Creating synthetic voice outputs from text, often referred to as text-to-speech (TTS) synthesis, is a fascinating application of artificial intelligence. This capability can be used in various applications such as virtual assistants, reading aids for the visually impaired, and automated customer service systems. This blog post explores how to generate a fake voice using Python.

Click here to get the colab for the code.

What is Text-to-Speech?

Text-to-Speech (TTS) is a type of assistive technology that reads digital text aloud. It's commonly used to help those who have difficulty reading standard print, such as the visually impaired or those who have dyslexia.

Tools Required

For this demonstration, we will use the gTTS (Google Text-to-Speech) library, which is a Python library and CLI tool to interface with Google Translate's text-to-speech API.
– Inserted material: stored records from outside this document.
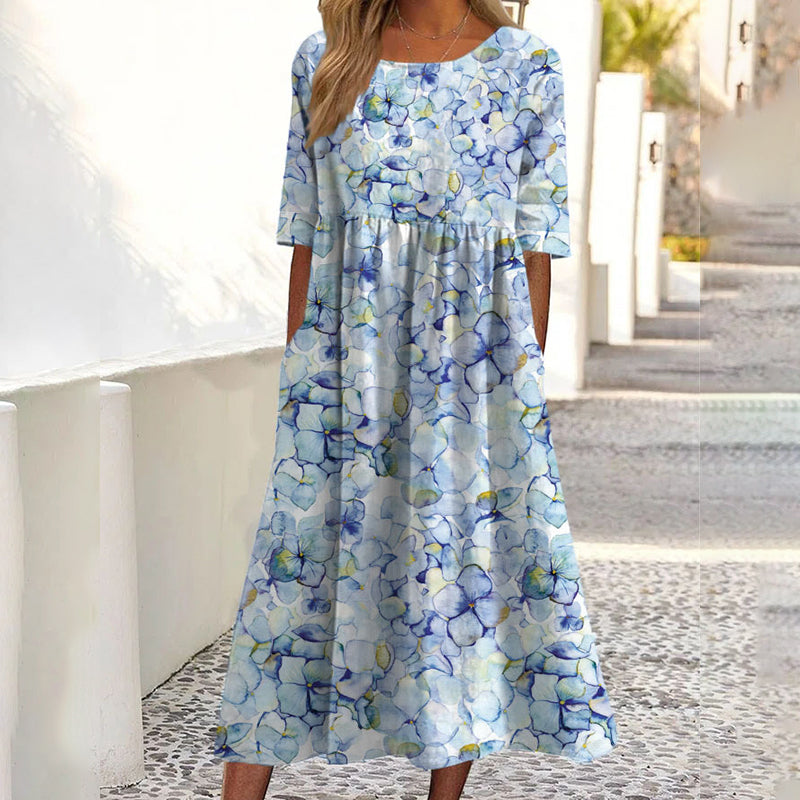 Robe imprimée à manches courtes pour femme avec poches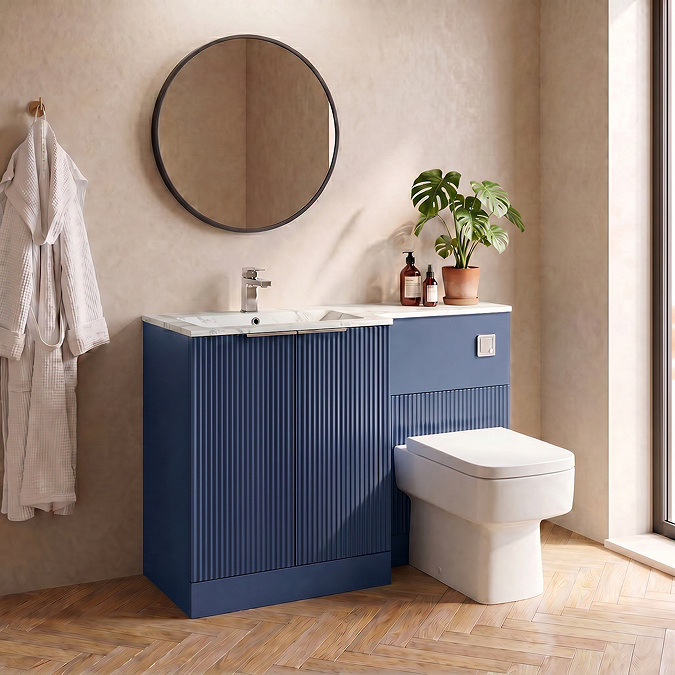 Venice Fluted 1100mm Blue Combination Unit with Carrera Marble Basin, Square Pan & Chrome Flush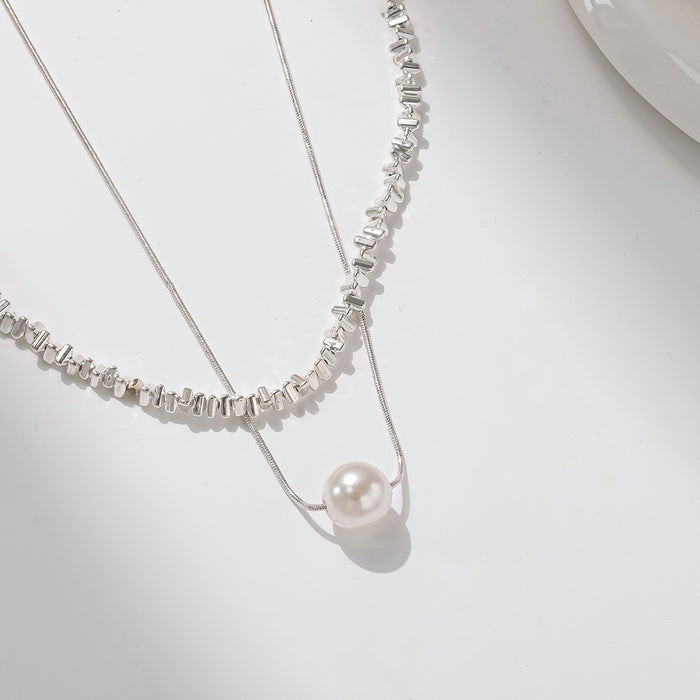 Wholesale Jewelry imitation pearl pendant necklace layered for high-end, light luxury, niche, irregular collarbone chain accessories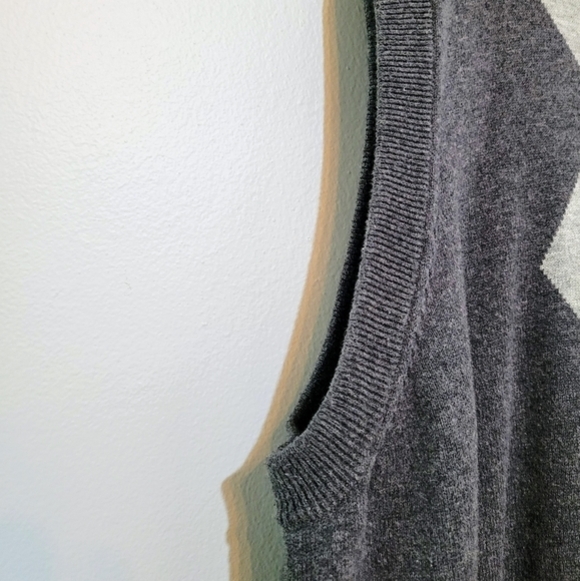 Pro Tour Men's Argyle Sweater Vest, Gray White Purple Blue, Size XXL Cotton Golf - Picture 5 of 6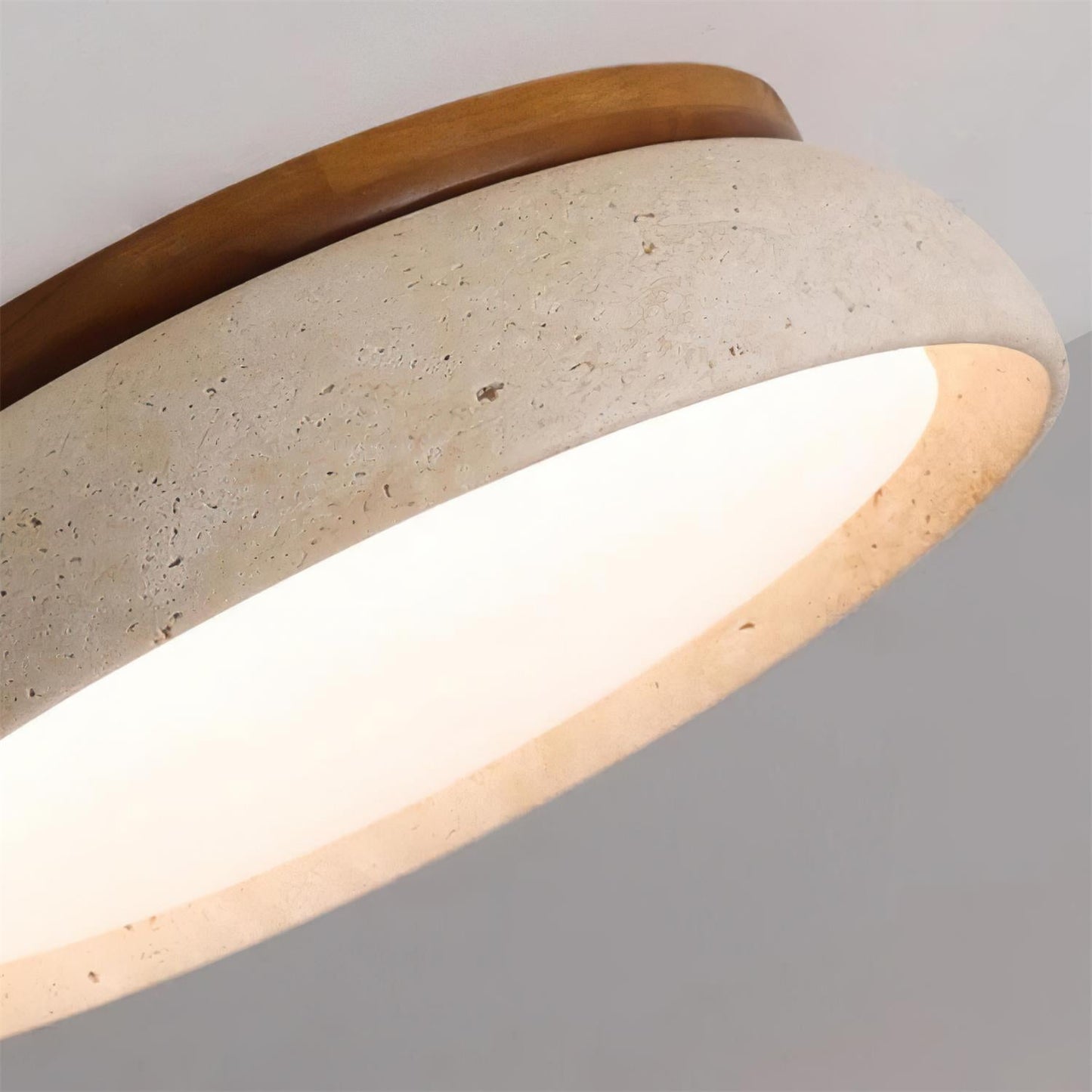 Deckenleuchte | Travertin & LED | Modernes Lichtdesign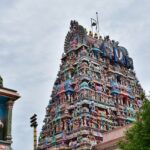 A scenic view of a temple in Tamil Nadu, near one of the Krishna Temples in Tamil Nadu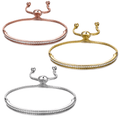Set of Three Friendship Slider Bracelets Created with Zircondia® Crystals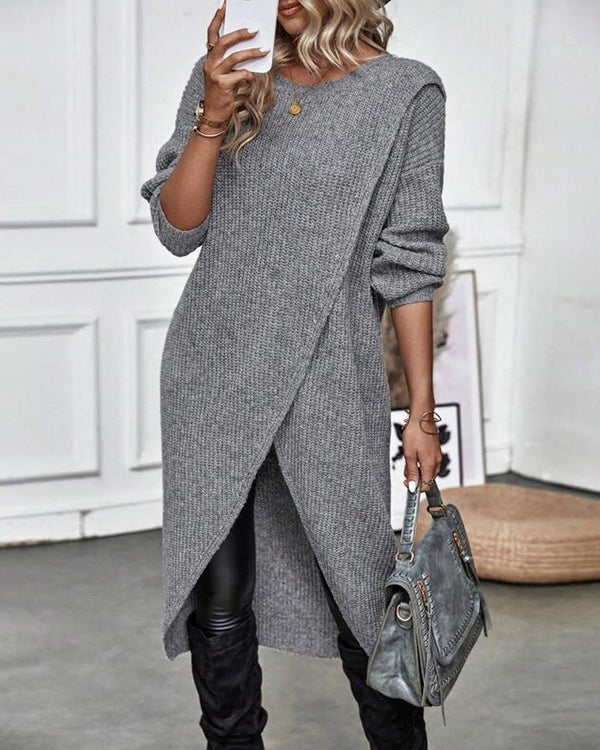Grey wool wrap front jumper dress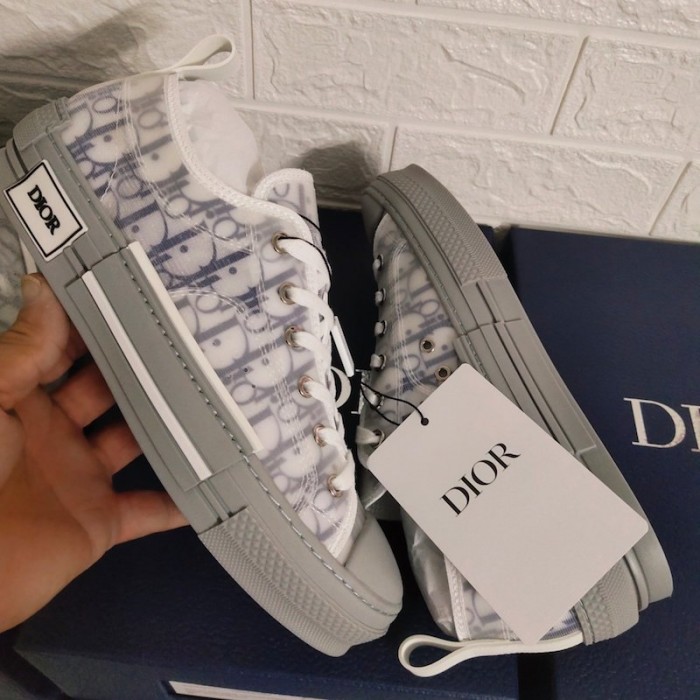 D*or b23 low top logo oblique navy / grey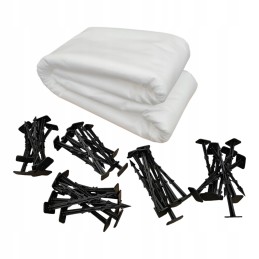 Agrotekstilės baltos dangos spyruoklinis mulčiavimas 50g p50 1,6x20m + 50 inkarų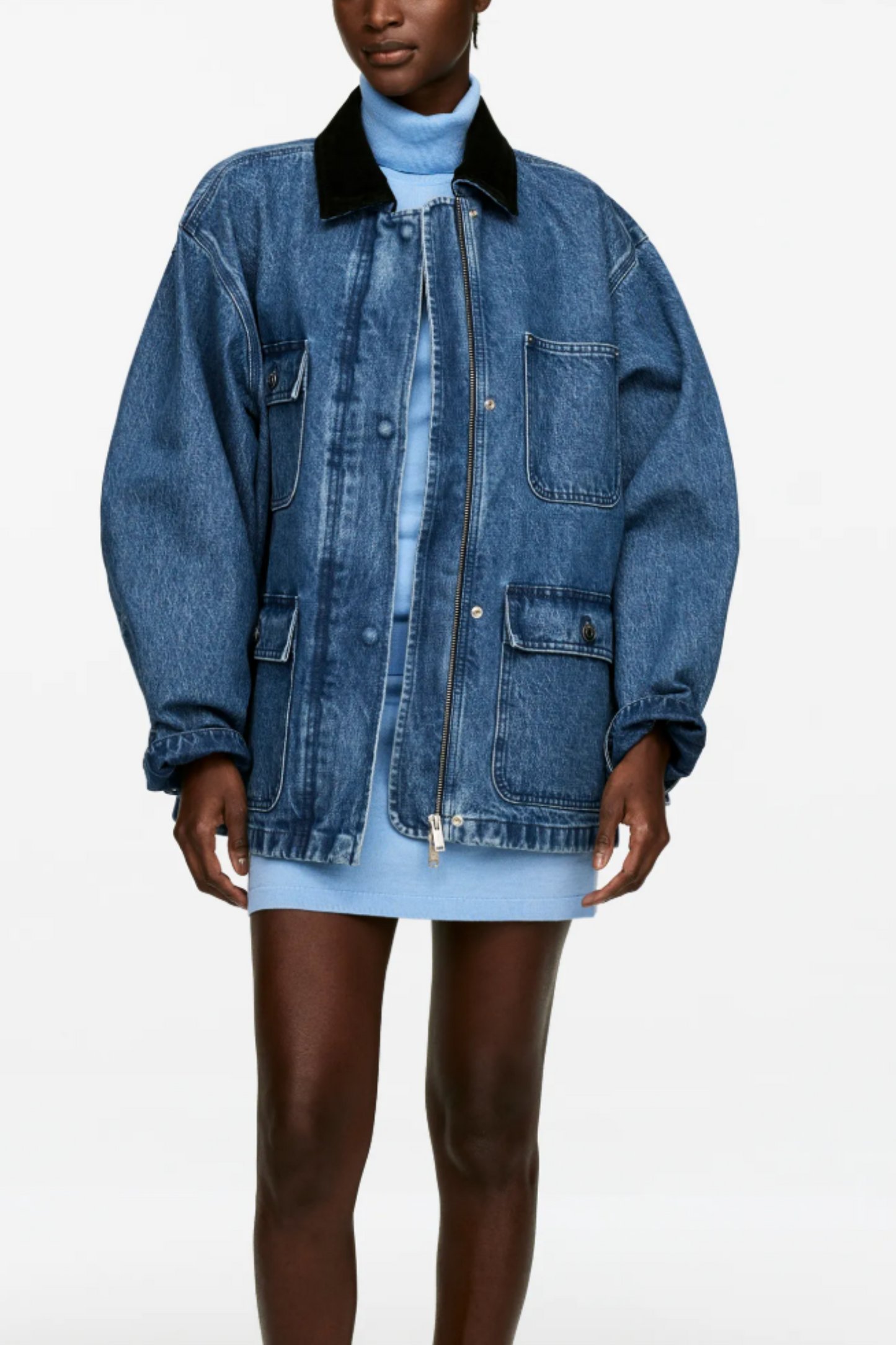 Cord-Collar Denim Jacket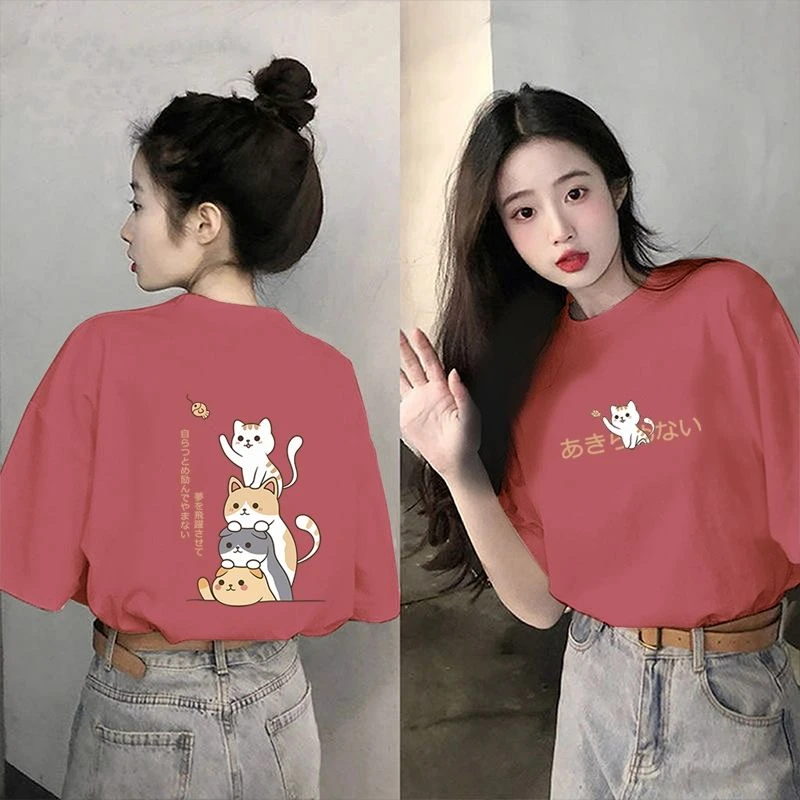 30高定啡色纯棉短袖T恤女2025新款夏季宽松遮肉爆款印花体恤半袖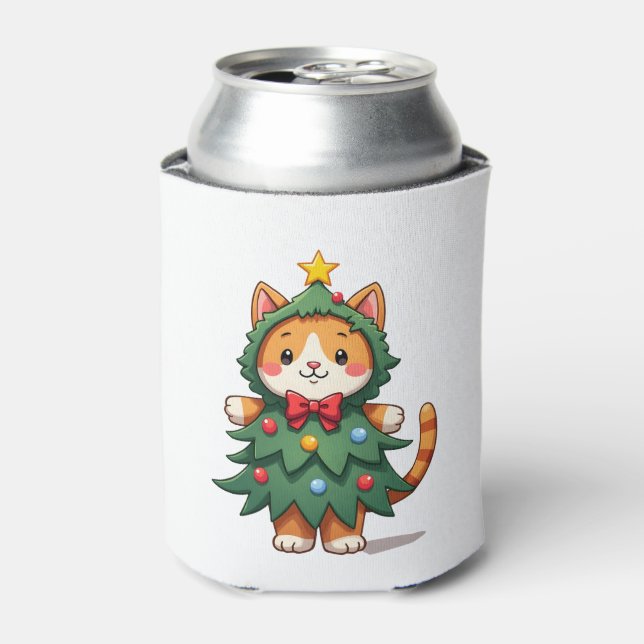 Ginger Cat Christmas Tree Cute Xmas 3 Can Cooler (Can Front)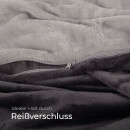 Wende-Bettwäsche 2-teilig "Cashmere Touch" 155x220/80x80cm Silber/Anthrazit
Setting Up Your Environment

To start, you'll need to have Python installed on your system. Python 3.x is recommended. You can download it from the official Python website.

Once Python is installed, you can install the gTTS library using pip:

pip install gtts

Generating Voice from Text

Here is a simple script that converts text into spoken voice:

from gtts import gTTS
import os

# The text that you want to convert to audio
mytext = 'Hello, welcome to our tutorial on how to generate fake voice using Python.'

# Language we want to use
language = 'en'

myobj = gTTS(text=mytext, lang=language, slow=False)

# Saving the converted audio in a WAV file
myobj.save("welcome.wav")

Code Explanation

  • Importing Libraries: We import gTTS from the gtts module for text to speech conversion and os for interacting with the operating system.
  • Text Input: mytext variable holds the text string that needs to be converted to speech.
  • Language: The language variable defines the language to interpret the text. The example uses English (en).
  • Speed: The slow parameter in gTTS function is set to False to have the speech at the normal speed.
  • Saving the Speech: myobj.save("welcome.wav") saves the spoken text into a WAV file named welcome.wav.
  • Playing the Audio: The os.system command is used to play the saved audio file using the default media player.

Conclusion

Using Python's gTTS library to generate synthetic voice is straightforward and can be integrated into various applications to enhance accessibility and automation. Whether for educational purposes, entertainment, or service automation, the potential uses are vast and versatile.

Feel free to experiment with different languages supported by Google Translate and various textual inputs to see how effectively gTTS can handle them.